Work request:
Type out the lines below exactly, from the first through the line holding "Opel Insignia Ön Panjur Orjinal", and include no pictures.

•••

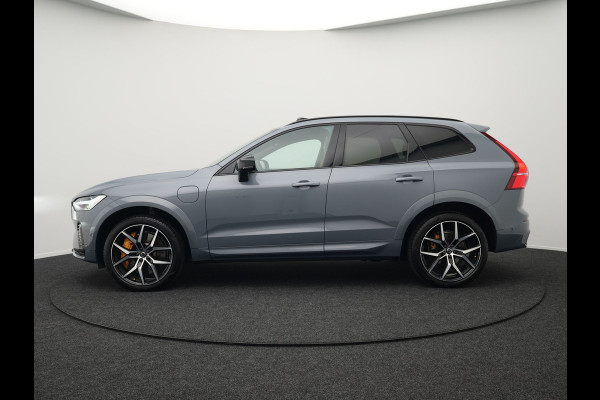 Volvo XC60 T8 AWD Polestar Engineered Plug in Hybrid 455pk Long Range Thunder Grey PHEV |  Panodak | Lederen Sportstoelen Memory | Google Assistant | Pilot Assist | Harman Kardon | Head Up | Adaptive Cruise | L.M. 21" | Virtual | 360 Camera | Navigatie | Apple Carplay |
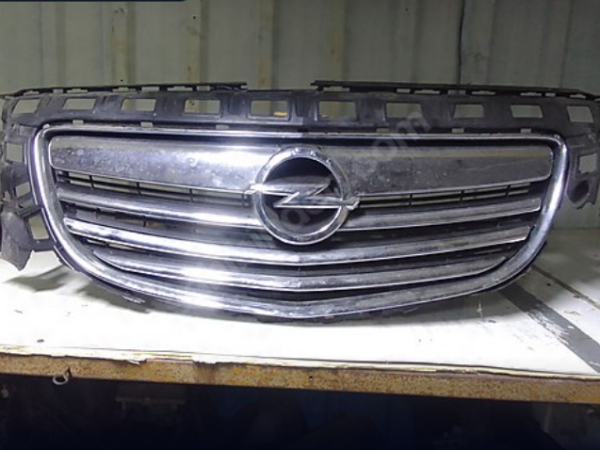 Opel Insignia Ön Panjur Orjinal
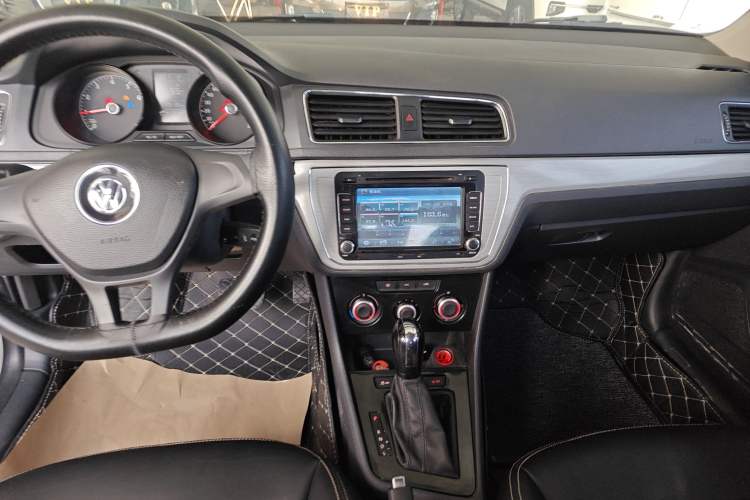 Used Volkswagen Gran Lavida 2015 1.6L Automatic Fashion Edition Audio And AC Panel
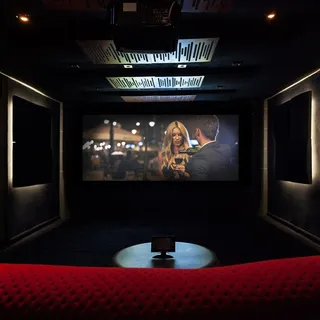 小家庭影院设备摄影高清图片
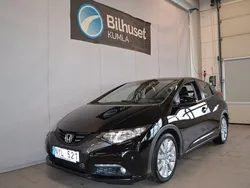 Svart Begagnad 2013 Honda Civic Sport Halvkombi | 79 000 kr (Marknadspris)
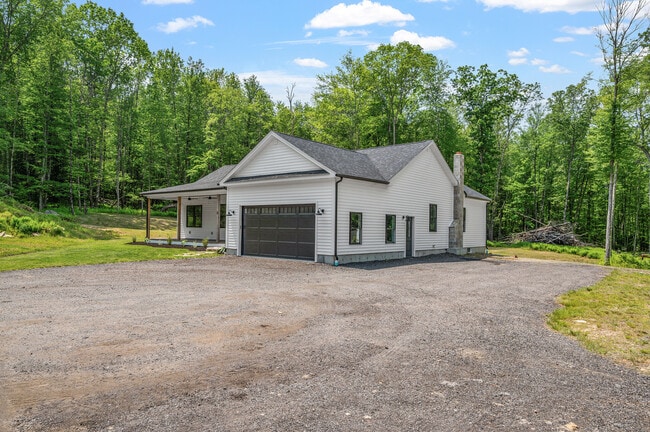 Building Photo - 461 Chestnut Hill Rd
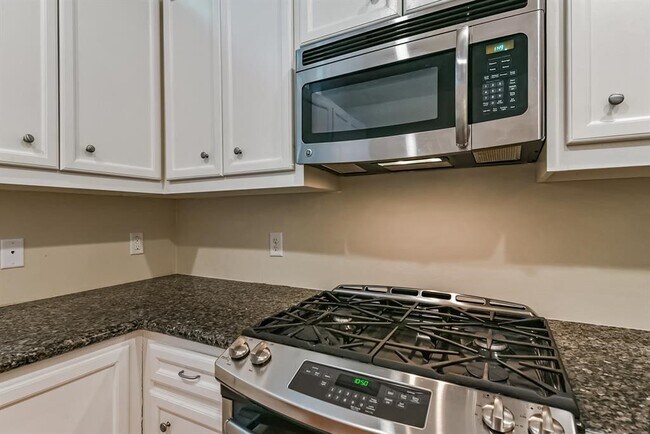 Building Photo - 11315 S Main St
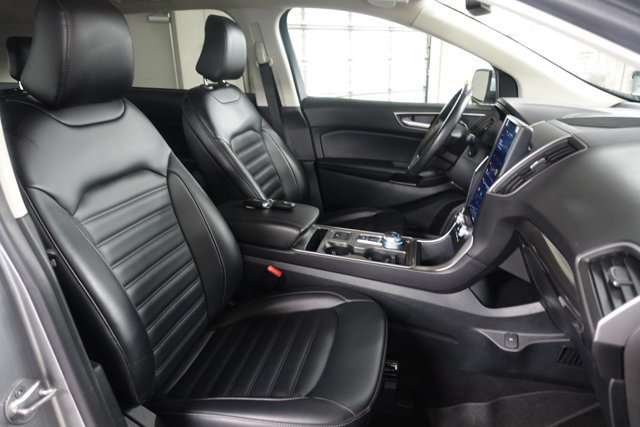 Used 2023 Ford Edge SEL AWD/4WD image 25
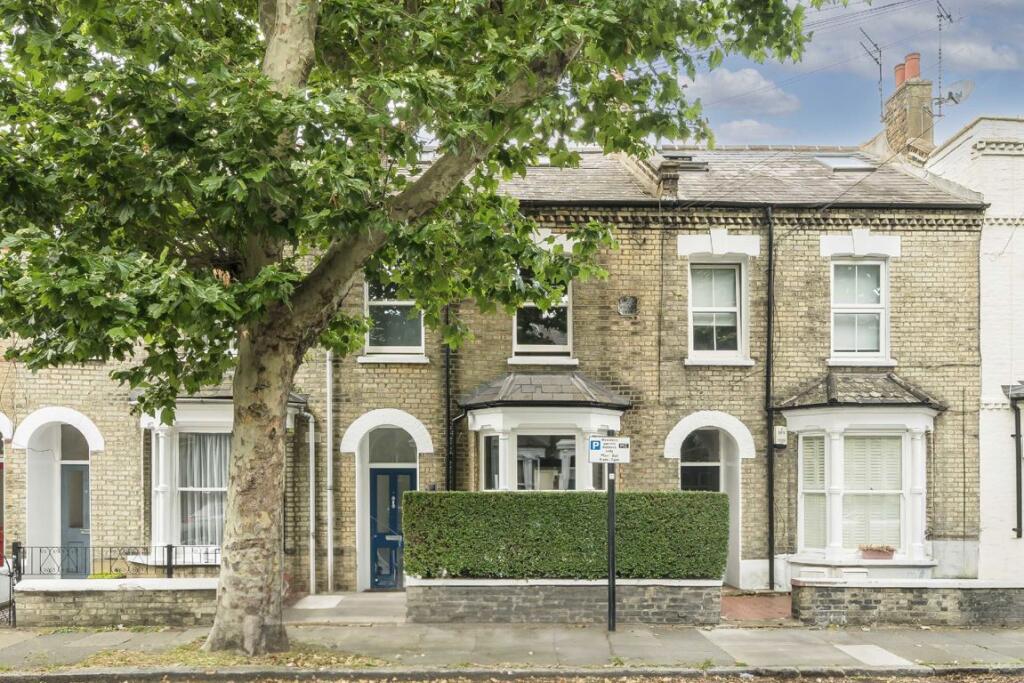 5 bed Detached for rent in Chiswick. From Marsh & Parsons - Chiswick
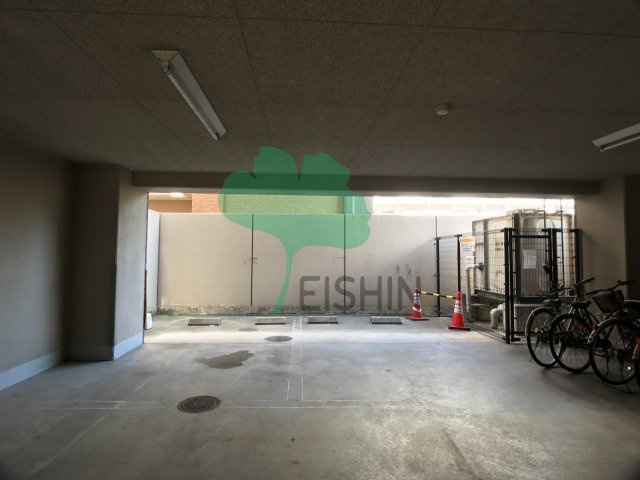 Kビルの駐車場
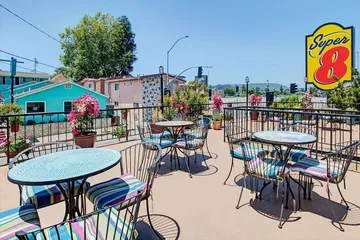 Super 8 by Wyndham Santa Cruz Beach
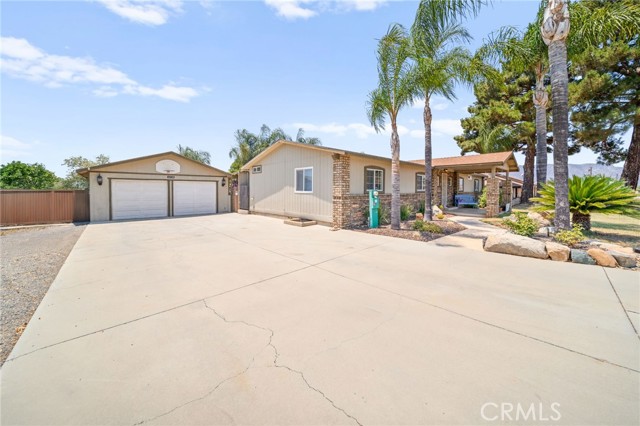 Detail Gallery Image 7 of 51 For 22135 Grove St, Wildomar,  CA 92595 - 4 Beds | 3 Baths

•••

Reply to the task:
 Volvo XC60 T8 AWD Polestar Engineered Plug in Hybrid 455pk Long Range Thunder Grey PHEV |  Panodak | Lederen Sportstoelen Memory | Google Assistant | Pilot Assist | Harman Kardon | Head Up | Adaptive Cruise | L.M. 21" | Virtual | 360 Camera | Navigatie | Apple Carplay |
 Opel Insignia Ön Panjur Orjinal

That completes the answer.